Since the excavation season ended, the El Caño Foundation (FEC-CIAI) has undertaken a series of tasks leading to the analysis and conservation of materials that is expected to be completed in December. With respect to the analysis of materials, work is being carried out on a project called PATMA (Traceological Analysis of Archaeological Materials Project), whose purpose is to analyze the manufacturing traces (marks) on the objects found in El Caño to determine the tools and techniques used in their manufacture.
The FEC-CIAI acquired two Dino-Lite digital microscopes, two illuminators, and two stands in order to conduct this project. The handheld digital microscopes with a built-in coaxial light, meet the needs of brightfield observation with superior image quality at 700~900x magnification.

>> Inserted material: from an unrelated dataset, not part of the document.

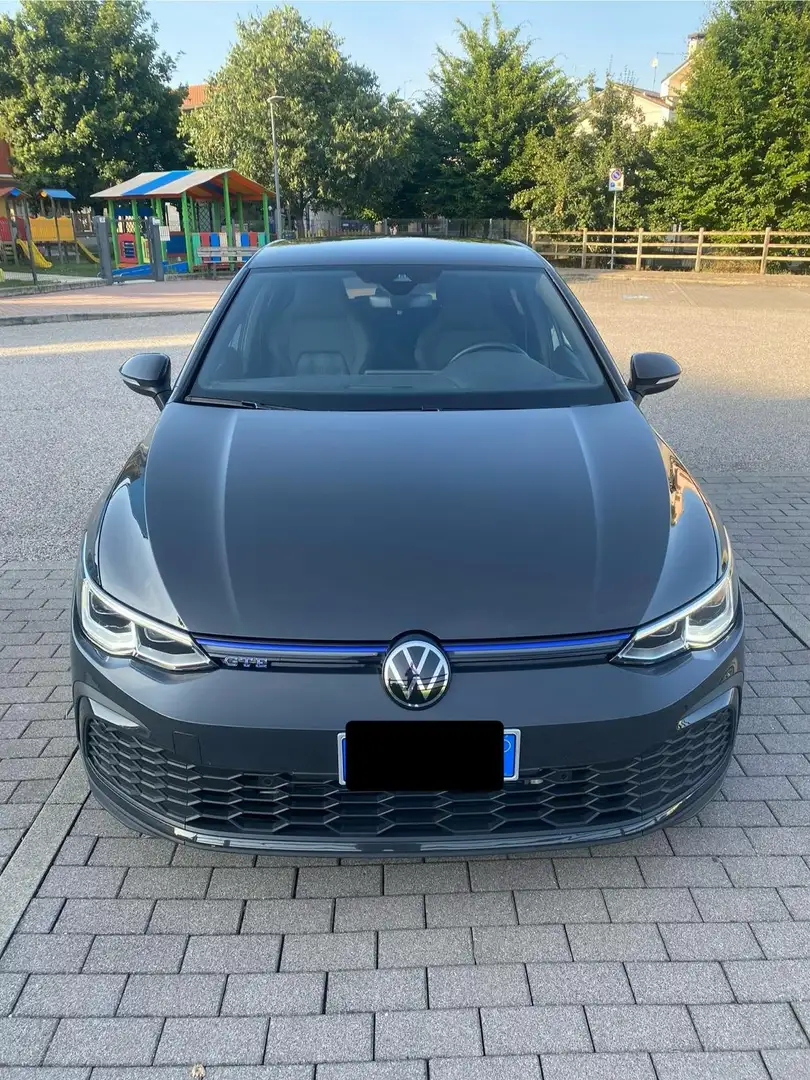 Volkswagen Golf Golf VIII 2020 1.4 GTE dsg Grigio - 1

By using the flexible LED control (FLC), they can not only switch between brightfield and darkfield freely, but also mix the fields to have more possibilities to highlight details. In addition, this microscope offers automatic magnification readouts (AMR), designed to optimize the measurement.

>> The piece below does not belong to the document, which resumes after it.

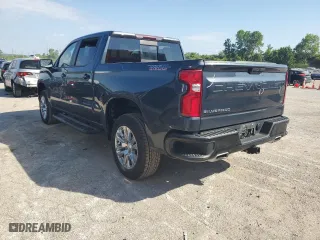 2019 Chevrolet Silverado 1500 LT Trail Boss with VIN 1GCPYFED6KZ293682, listed as a Copart auction lot 59518924 with 127,799 mi miles and Salvage Title. Bid and sale history available at carsss.com. Image 2.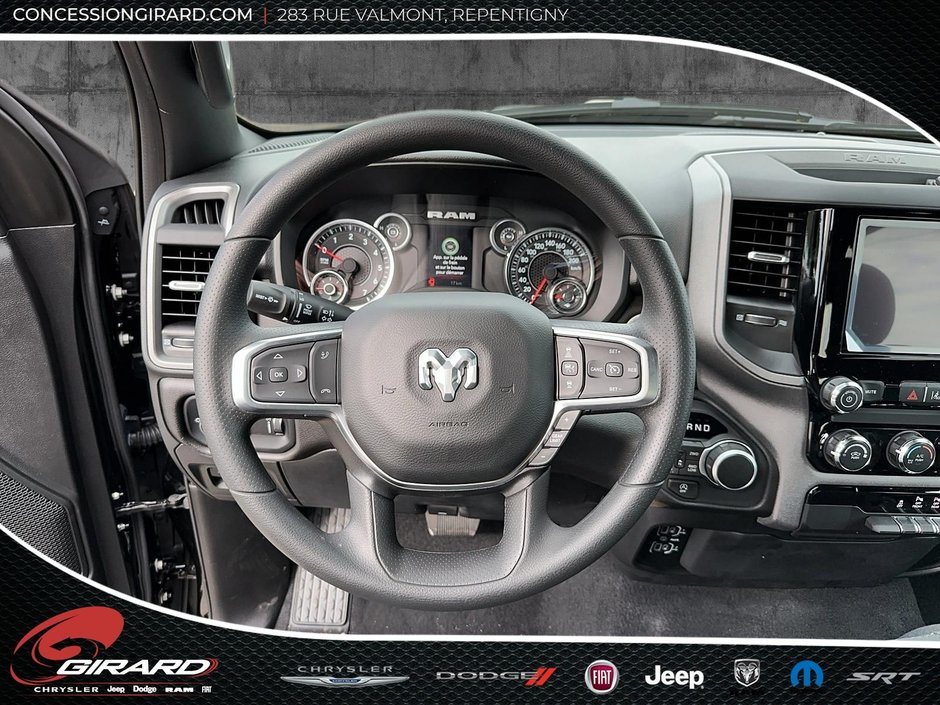 2025 Ram 1500 TRADESMAN-12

The project is aimed at locating and characterizing the manufacturing traces of the objects from El Caño in order to characterize and recognize technological styles and therefore the human group or groups that produced them. This type of study is based on the assumption that the use of a particular work tool, made of a certain material, used in a specific way and under certain conditions, will leave well-defined features which are different from those made by other tools.
Four techniques are being used: Refractive Transformed Imaging (RTI), Optical Microscopy, Digital Microscopy, Microphotogrammetry and the technique known as Secondary and Electro-scattered Eletrons (SE/BSE). All four techniques were used in a study of worked sperm whale teeth recovered from tombs in the El Caño necropolis conducted by two interns. The interns, Katherine and Arturo, are both working on their master´s degree in anthropology.
A second project is an Experimental Archaeology Project (PAE), which consists of simulating the way archaeological artifacts may have been made by experimenting with different materials, tools and manufacturing techniques. The two projects go hand in hand because an important part in the recognition of traces and technological styles is the comparison of archaeological traces with experimental traces. The PAE involves studying the behavioral processes of the material remains of the past, through an experimental reconstruction, so that hypotheses can be extracted for subsequent contrast with archaeological data. Research through experimentation is based on simulation, that is, the realization of a series of activities oriented to the verification or observation of anthropic or recreated processes on materials that simulate situations, events or processes of these past societies.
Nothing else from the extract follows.